ASSIGNMENT - Repeat only the lines from the one that contains "Embroidered Skull and" through the final line of the listing below, exactly, please, without pictures.

[[ INFORMATION PROVIDED open ]]

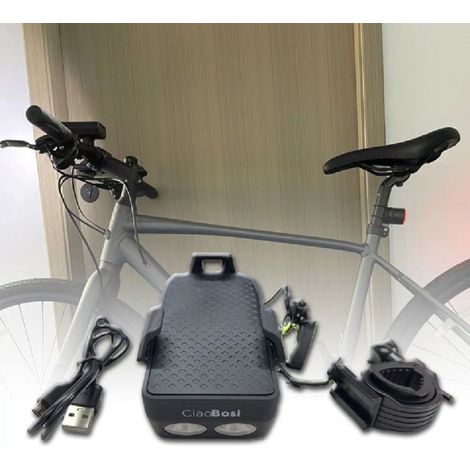 Trade Shop - Front-Taschenlampe für Fahrradfahrrad mit eingebauter IPX6 T-9293 Bell - (1/3)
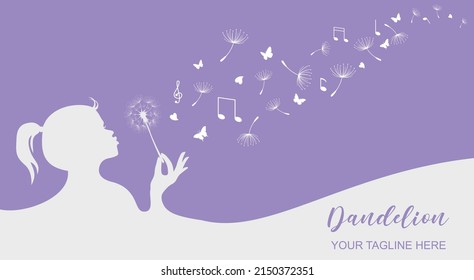 Child with dandelion flying  and seeds, vector illustration. Vector isolated decoration element from scattered silhouettes.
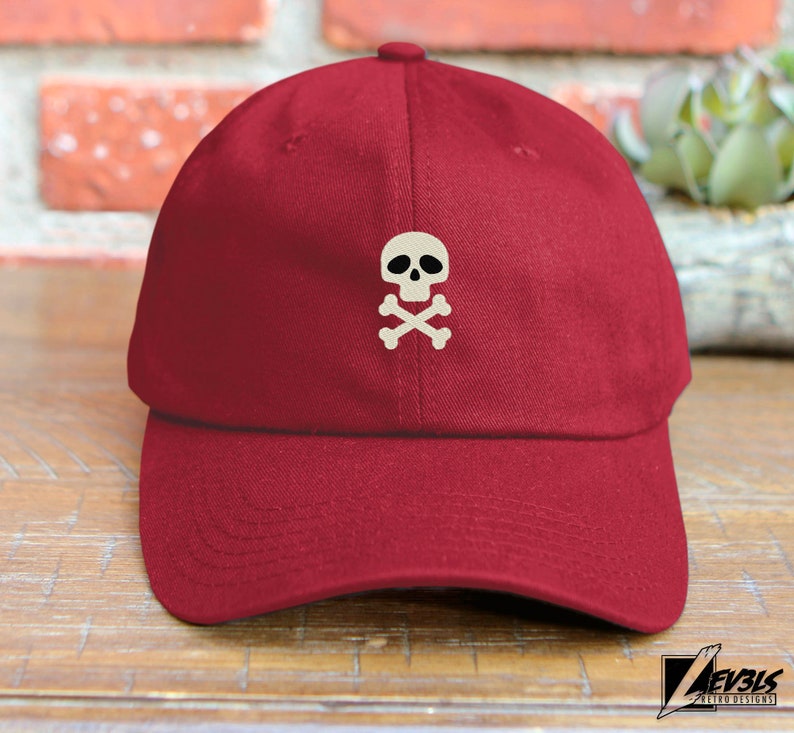 Embroidered Skull and Bones Baseball Cap - Retro Style Dad Hat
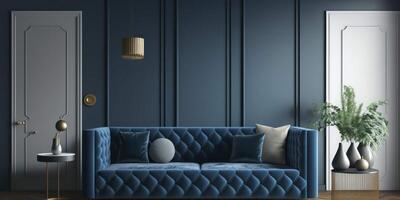 Modern Living Room Design with Blue Accents A Chic and Inviting Space photo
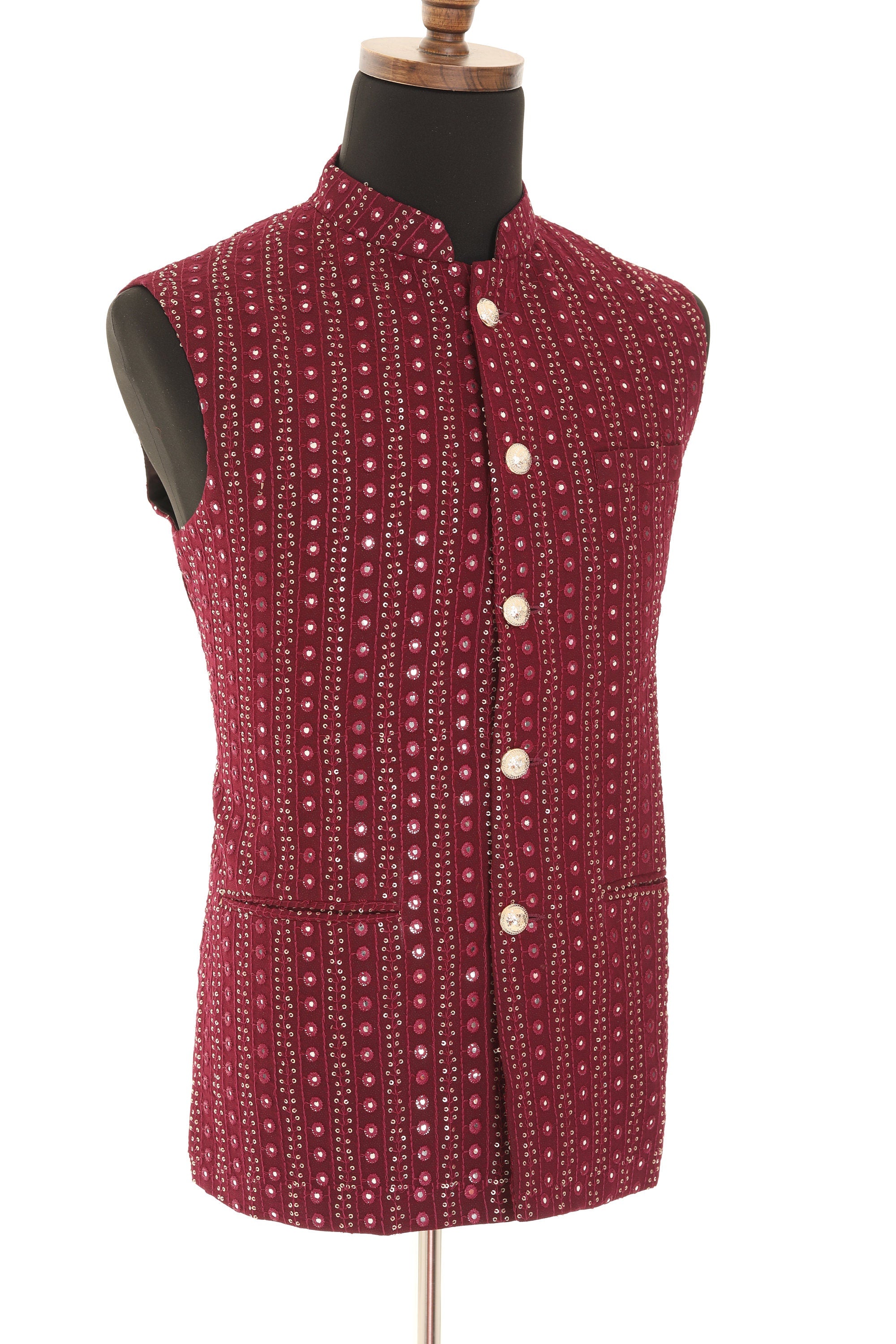 Men's Wine Mirror Work Gold Embroidery Georgette Nehru Jacket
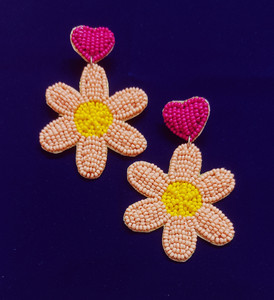 Coloré fleur rocaille perle boucles d'oreilles coeur haut balancent Boho bijoux à la mode perlé déclaration mode fête porter unisexe - Product Image 1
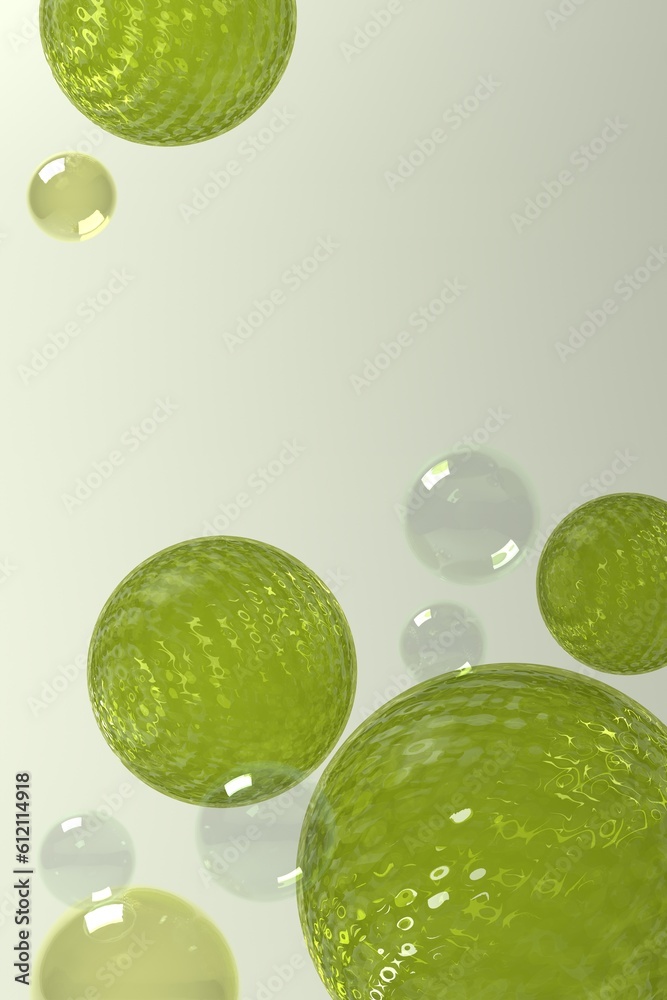 Green background of 3d geometric circle and sphere with glassmorphism round plate in the center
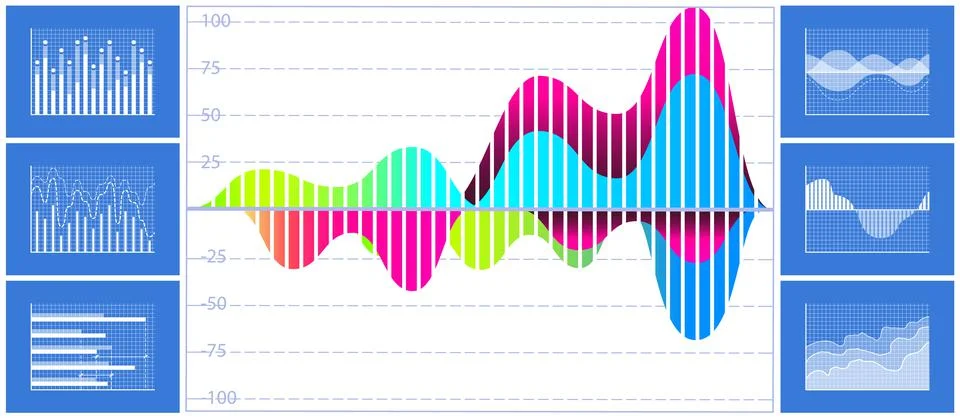 Intelligent technology hud interactive panel. Data screen with charts. Annual Stock Illustration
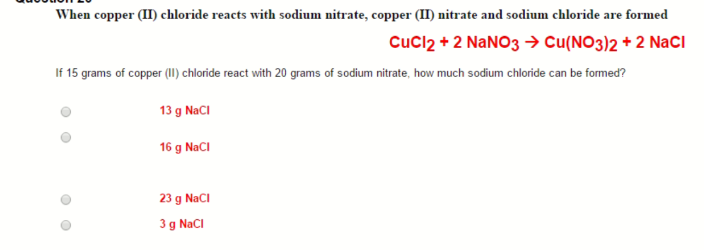 Solved When Copper Ii Chloride Reacts With Sodium Nitrate Chegg Com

[[ INFORMATION PROVIDED closed ]]

WRITTEN RESPONSE -
 Embroidered Skull and Bones Baseball Cap - Retro Style Dad Hat
 Modern Living Room Design with Blue Accents A Chic and Inviting Space photo
 Men's Wine Mirror Work Gold Embroidery Georgette Nehru Jacket
 Coloré fleur rocaille perle boucles d'oreilles coeur haut balancent Boho bijoux à la mode perlé déclaration mode fête porter unisexe - Product Image 1
 Green background of 3d geometric circle and sphere with glassmorphism round plate in the center
 Intelligent technology hud interactive panel. Data screen with charts. Annual Stock Illustration
 Solved When Copper Ii Chloride Reacts With Sodium Nitrate Chegg Com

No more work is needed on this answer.